Não há nada sobre o qual eu não escreveria. De fato, quando mais rápido percebo que algo lampejou em minha cabeça e que eu nunca colocaria isso em palavras, em insisto no ato. Algumas pessoas dizem que você deve estar atento, que escritores não deveriam necessariamente colocar tudo em palavras. E uma parte de mim está absolutamente de acordo. Eu gosto de escritas que adotam uma espécie de estética da reticência, escritas que sugerem, escritas que aludem.

Reticência é certa e boa, e certamente efetiva quando aquilo sobre o qual calamos é muito familiar a nós e a nossos leitores. É a aplicação da antiga fórmula: “Deixo o resto à sua imaginação.” E a habilidade do escritor é melhor exibida quando o que ela sugere é muito mais do que diz.

Mas eu tenho de dizer que eu escrevo com maior dedicação quando começo a cavar o comum, eu diria quase banal, situações e sentimentos, e insisto em expressar tudo o que — fora do hábito, para manter a paz — nós nos inclinamos a calar. Não estou em interessada em escrever algo novo. Estou interessada no ordinário ou, melhor, do que empurramos para dentro do uniforme do ordinário. Estou interessada em cavar isso e causar confusão, me forçando a ir além das aparências. E fazendo isso, às vezes deixo de lado disciplina e gosto, porque esses, também, parecem obliteradores. A moderação é toda errada quando a tarefa de escrever é varrer a resistência do ordinário e procurar palavras que vão arrancar, ao menos um pouco, do extraordinário que está oculto nisso. O que não é próprio para ser dito deveria, dentro dos limites do possível, ser dito.

Eu sei que isso significa que eu acaba escrevendo história que talvez irritem as pessoas, e no passado eu lamentava isso. Eu gosto das histórias que decido publicar; me afeiçoo dos personagens que criei, e me deixa triste ouvir alguns dizendo: “Você deveria ter parado, mas não, você continua, você vai mais fundo — até demais, basta.” Eu falo de pessoas me avisando que o protagonista de uma história deveria ser amável, não deveria ter sentimentos terríveis nem fazer coisas desagradáveis.

Uma vez, um livro meu, traduzido e pronto para ser impresso, não foi nem publicado, porque — foi dito — poderia ter uma má influência em mães. Talvez. Nós nunca sabemos que efeito as histórias que escrevemos têm.

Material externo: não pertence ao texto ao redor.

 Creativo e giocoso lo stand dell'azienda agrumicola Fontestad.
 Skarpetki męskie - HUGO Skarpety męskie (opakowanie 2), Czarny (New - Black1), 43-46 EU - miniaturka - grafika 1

E se nós, como escritores, falhamos, leitores têm o direito de nos punir — não lendo nossas obras.

Mas eu ainda penso que aqueles que mais ou menos arbitrariamente têm o trabalho de contar histórias não deveriam se preocupar com a serenidade individual dos leitores; melhor, eles deveriam construir uma ficção capaz de ajudar a procurar a verdade da condição humana.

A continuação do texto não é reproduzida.